June is Cockroach Month. Or more accurately, Kill-A-Cockroach Month. It must be the general wetness of things, but these monsters just spring out of every available crevice come June without consideration or shame. When I took my car out of the garage yesterday it exposed twelve dead and two naghihingalong cockroaches on the garage floor. In the bathroom this morning: two baby cockroaches surreptitiously crawling out of the drain. But I had summarily executed them by directing a heavy stream of water to their under-developed exoskeleton.
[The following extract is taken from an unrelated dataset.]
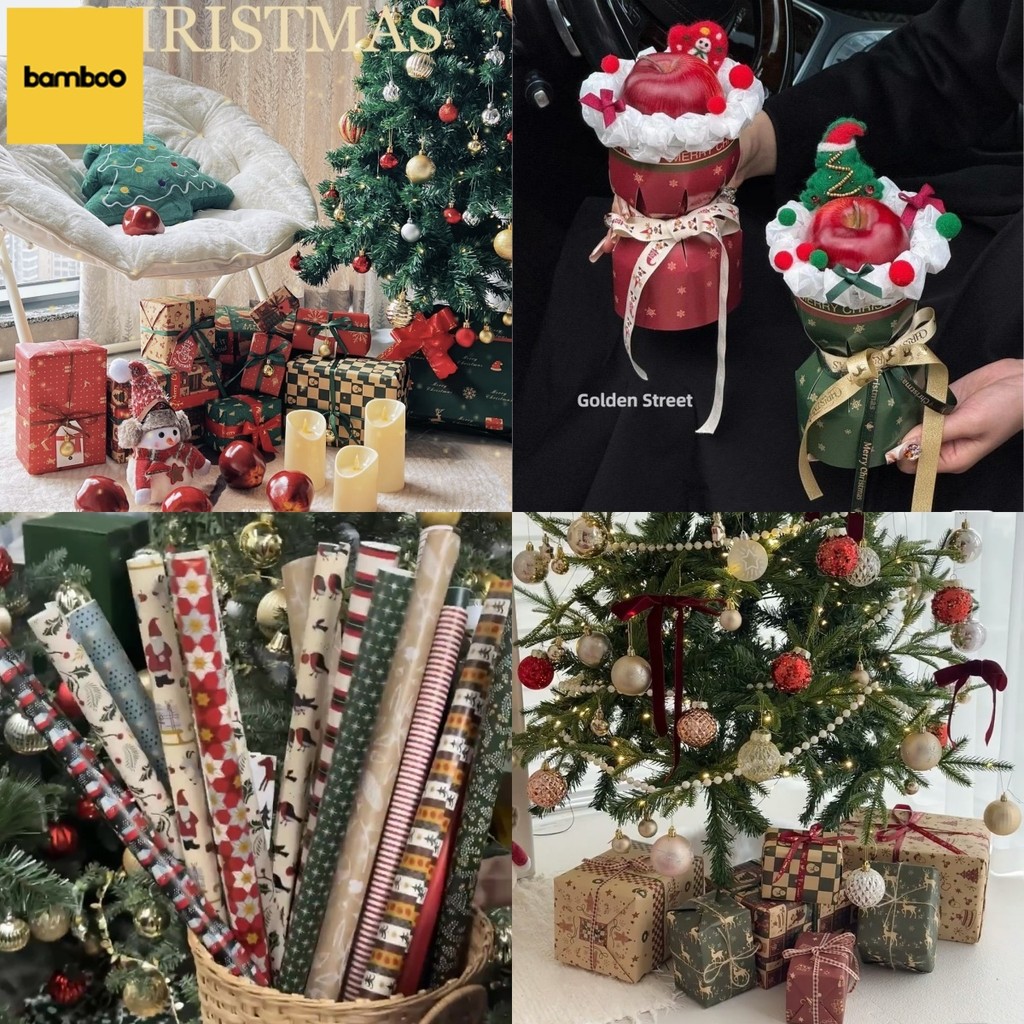 กระดาษตกแต่ง กระดาษห่อลายการ์ตูน gift wrapping paper กระดาษคราฟท์เนื้อหนา ห่อช่อดอกไม้ DIY สําหรับตกแต่งปาร์ตี้ปีใหม่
I then narrowed the jet of water with my thumb to pummel the nefarious baby roaches more sadistically. They swirled and swirled directionless around the tiny pool, but they were not dragged back into the drain. They just lay there on the wet floor, miserable, anxious, and fatigued. I then slapped them with my tsinelas and savored the satisfying crunch.

Obviously I need to apply Blatanex on random corners in the bathroom as well. The cockroaches in the garage had died of Blatanex poisoning, which, I think deserves the The Nobel Prize, specifically, Nobel PEACE Prize, because it affords peace among its users. Armando Garmando had recommended this tiny, miraculous product a few months ago, and since then I would always wake up to a fantastic view of a nuclear family of cockroaches lying massacred on the floor.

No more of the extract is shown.